Then there’s Illumination’s “The Super Mario Bros. Movie, ” the Nintendo video game adaptation, which was a worldwide phenomenon ($574 million domestically and $1.3 billion globally) and became the second highest-grossing animated film in history. While directors Aaron Horvath and Michael Jelenic (“Teen Titans Go!”) cleverly focused on Mario (Chris Pratt) and Luigi (Charlie Day) as underdog Brooklyn plumbers-turned superheroes and turned Princess Peach (Anya Taylor-Joy) into a badass to help fight nemesis Koopa Bowser (Jack Black), the story and animation were not well received. So it faces an uphill battle to get an Oscar nomination.
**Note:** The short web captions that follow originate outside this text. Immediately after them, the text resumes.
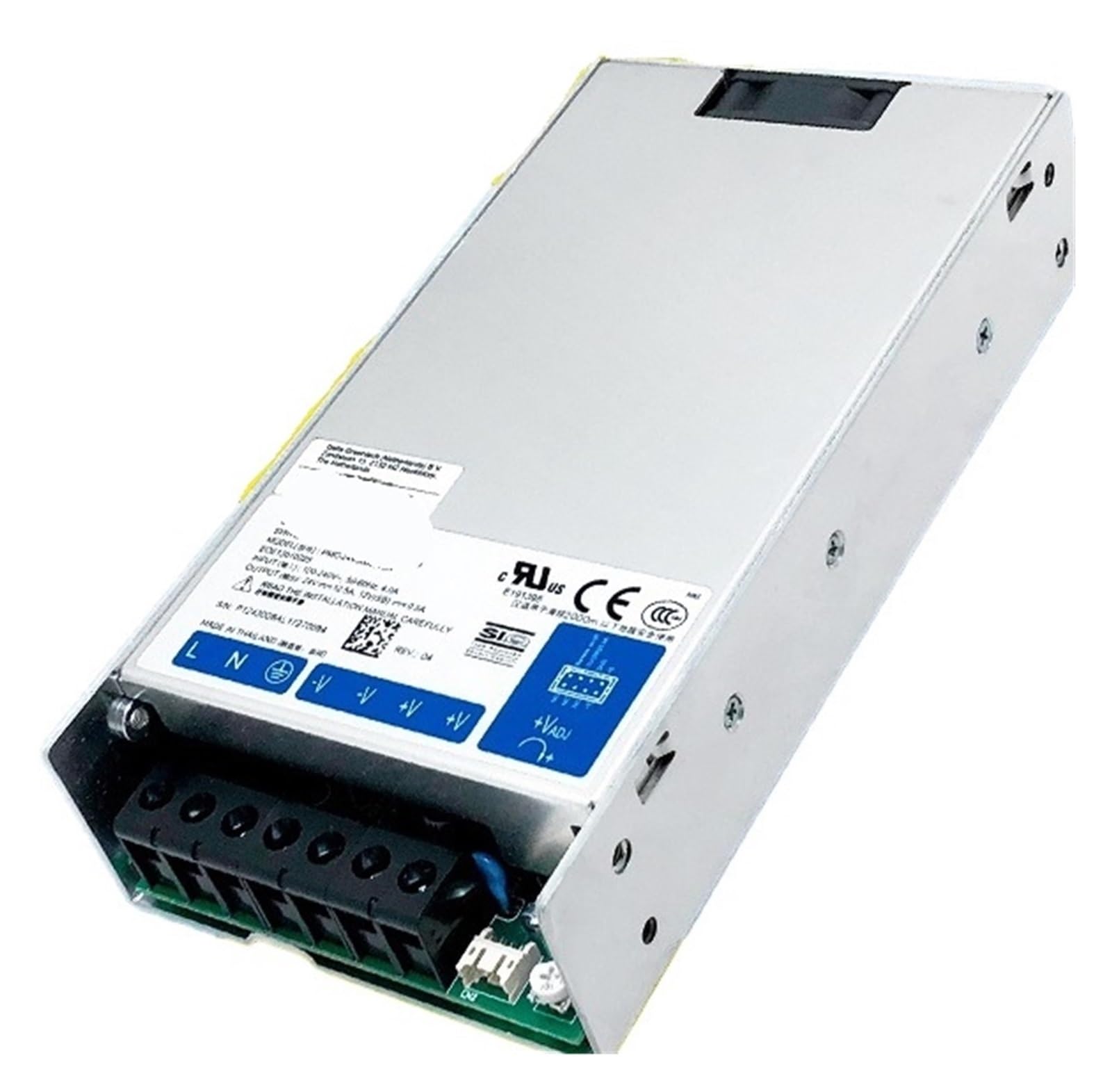 CLBSWYEJK Power Supply 24V 12.5A 300W For PMC-24V300W1BA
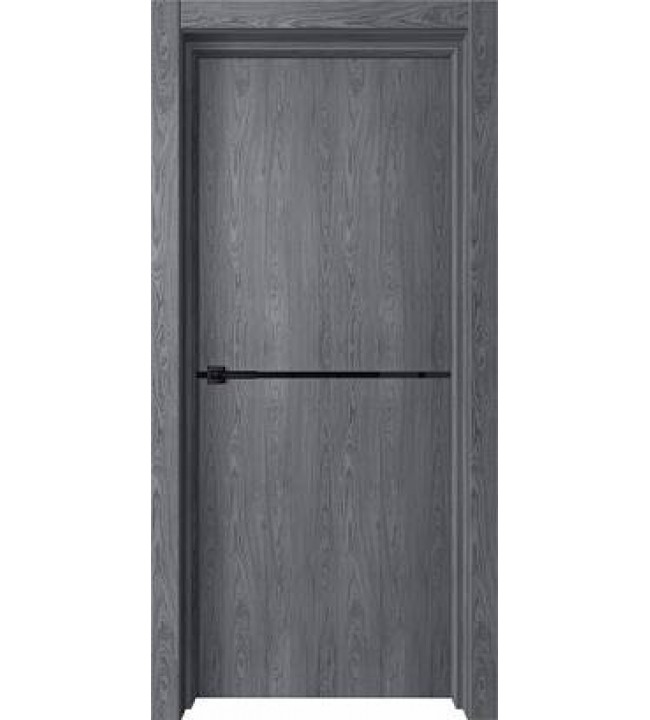 картинка Дверь КАМА 1 Ольха серая (800*2000 мм)  от магазина Евродом
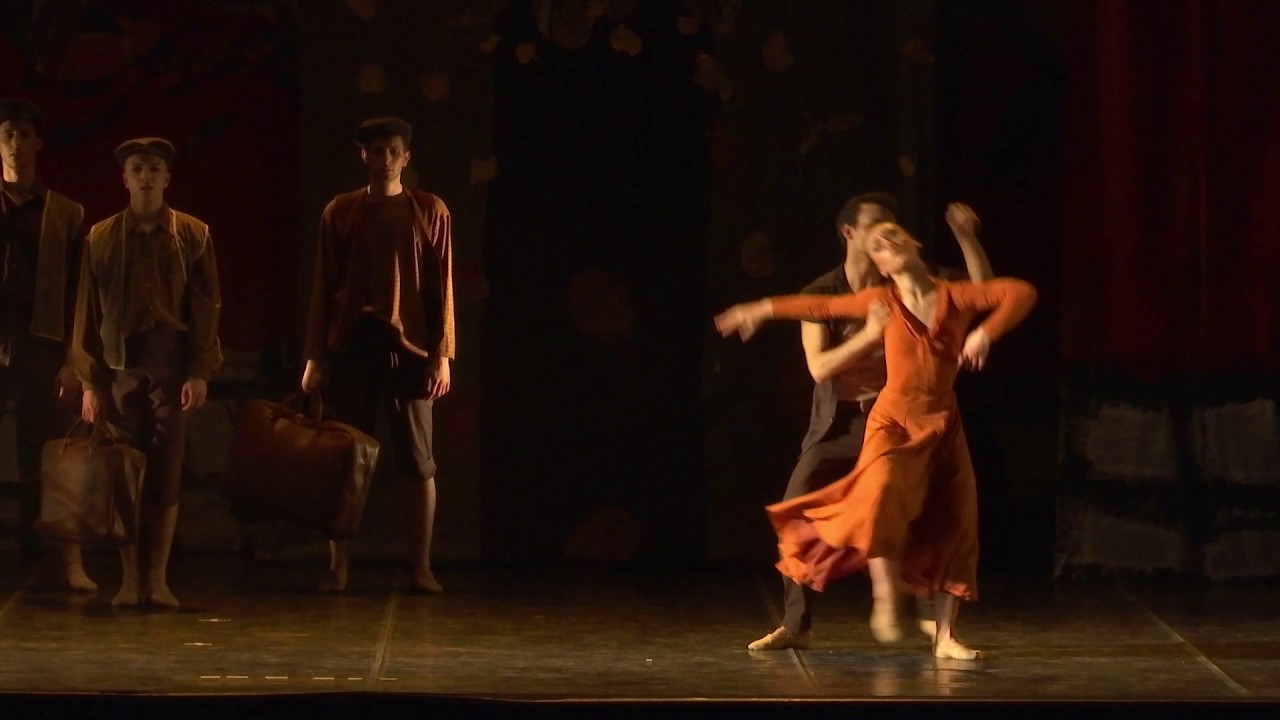 Le quattro stagioni - Balletto del Sud - estratti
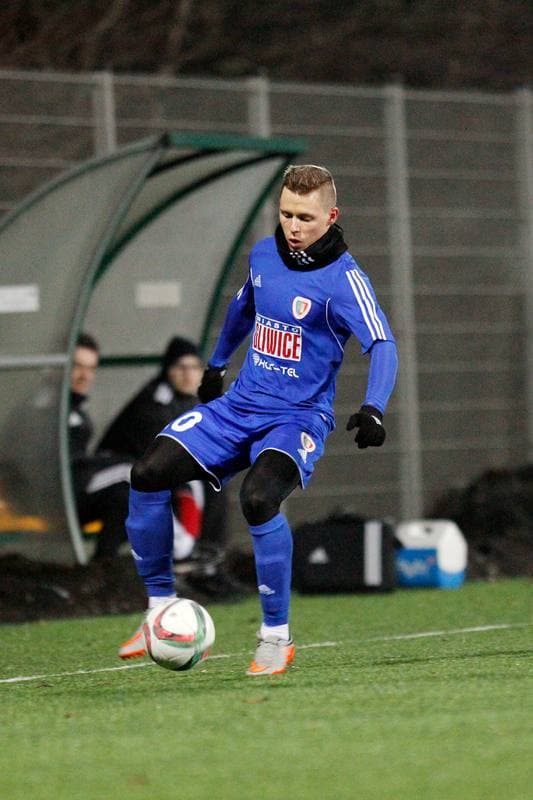 Football. Friendly Match. Piast Gliwice - Pniowek Pawlowice. 14.01.2016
Another potential contender from this summer is the punkish reboot of “Teenage Mutant Ninja Turtles: Mutant Mayhem” (Nickelodeon). It’s from director Jeff Rowe (co-director of “The Mitchells vs. The Machines”), who utilizes a rough sketch look through CG to depict the teenage passions and imperfections of the Turtles. It’s about the heroic aspirations of Leonardo (Nicolas Cantu), Michelangelo (Shamon Brown Jr.), Donatello (Micah Abbey), and Raphael (Brady Noon) and wanting to be accepted by humans.

But the fall lineup could provide several nominees from such contenders as Hayao Miyazaki’s swan song, “The Boy and the Heron” (GKids), which will premiere at TIFF; Disney’s “Wish,” in celebration of the studio’s 100th anniversary; “Chicken Run: Dawn of the Nugget” (Aardman/Netflix), the sequel to the most commercially successful stop-motion film in history; and Spanish director Pablo Berger’s acclaimed 2D animated feature debut, “Robot Dreams” (Neon’s animated follow-up to “Flee”), adapted from the award-winning graphic novel by Sara Varon.

Miyazaki came out of retirement to make one last hand-drawn film, inspired by the novel “How Do You Live?.” It takes place after the firebombing of Japan during World War II and focuses on a boy in turmoil whose family relocates to the countryside, where he encounters a talking blue heron that leads him into a parallel universe on a life-altering adventure.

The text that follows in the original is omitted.